*** Block opens ***

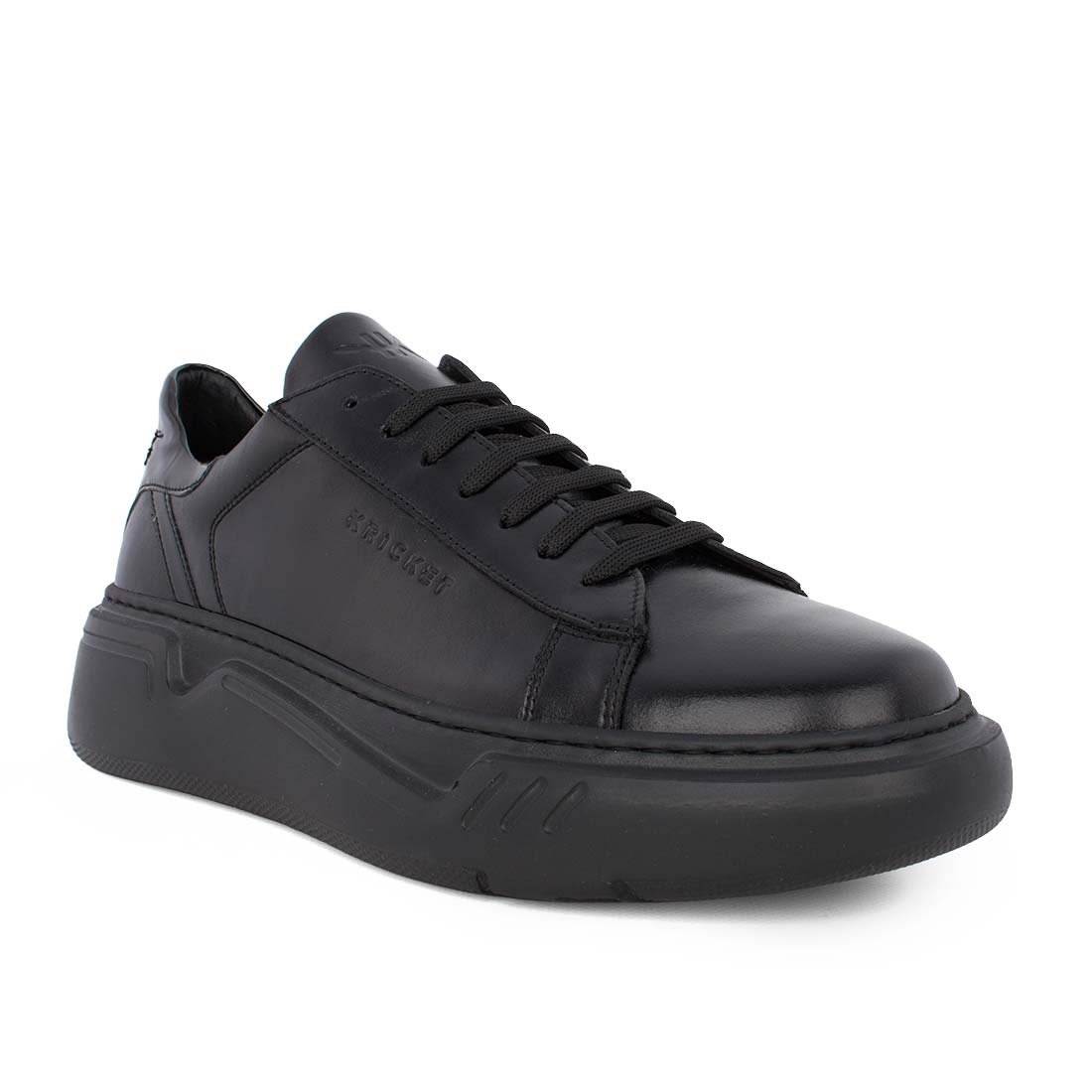 KRICKET SHOES ΑΝΔΡΙΚΑ ΔΕΡΜΑΤΙΝΑ XLight SNEAKERS 25X-4050B-1 BLACK - Image 2
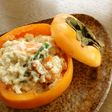 料亭の☆柿の白和え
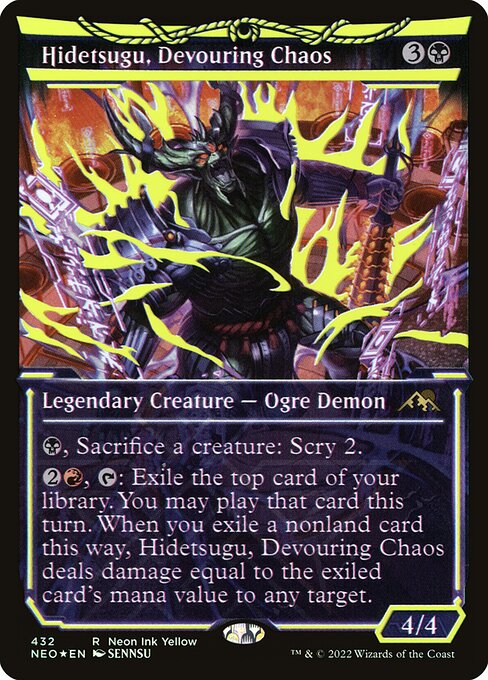 Hidetsugu, Devouring Chaos - Kamigawa: Neon Dynasty Rare Card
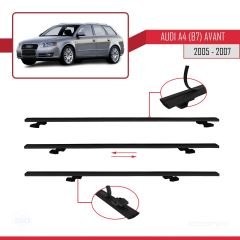 Audi A4 (B7) Avant 2005-2007 Arası ile uyumlu Basic Model Ara Atkı Tavan Barı SİYAH 3 ADET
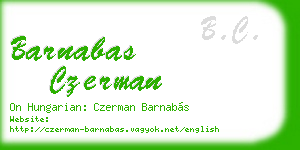barnabas czerman business card
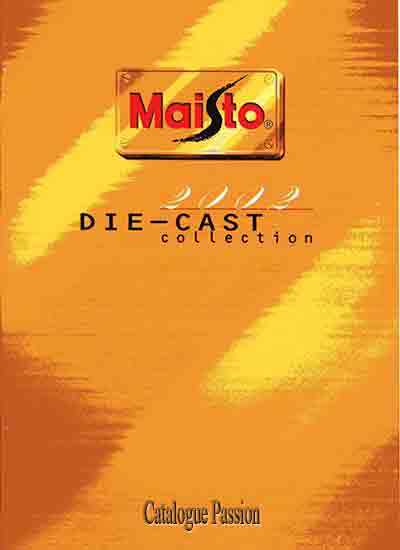 Catalogue Maisto 2002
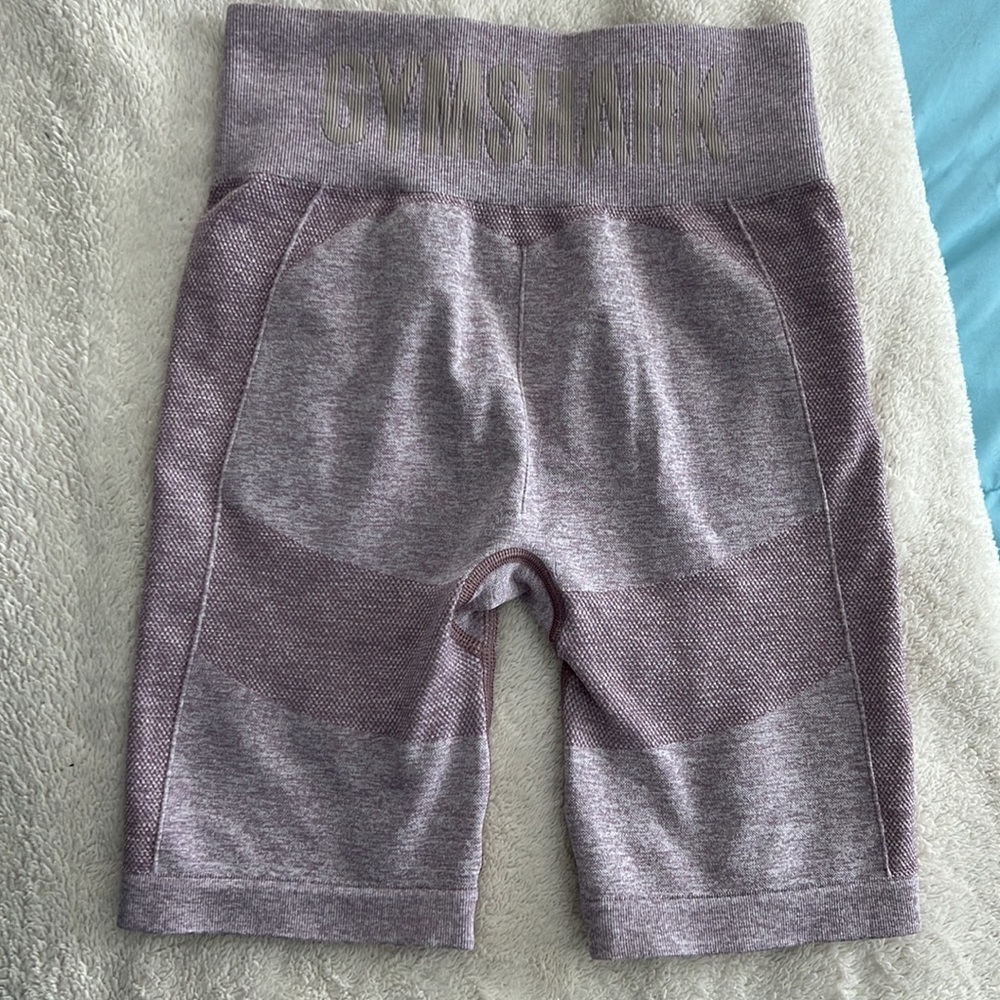 Gymshark Flex Cycling Shorts - Purple Marl/Grey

*** Block closes ***

— Work request —
Please output all of the entries exactly as they appear, with no pictures.

— Task answer —
 KRICKET SHOES ΑΝΔΡΙΚΑ ΔΕΡΜΑΤΙΝΑ XLight SNEAKERS 25X-4050B-1 BLACK - Image 2
 料亭の☆柿の白和え
 Hidetsugu, Devouring Chaos - Kamigawa: Neon Dynasty Rare Card
 Audi A4 (B7) Avant 2005-2007 Arası ile uyumlu Basic Model Ara Atkı Tavan Barı SİYAH 3 ADET
barnabas czerman business card
 Catalogue Maisto 2002
 Gymshark Flex Cycling Shorts - Purple Marl/Grey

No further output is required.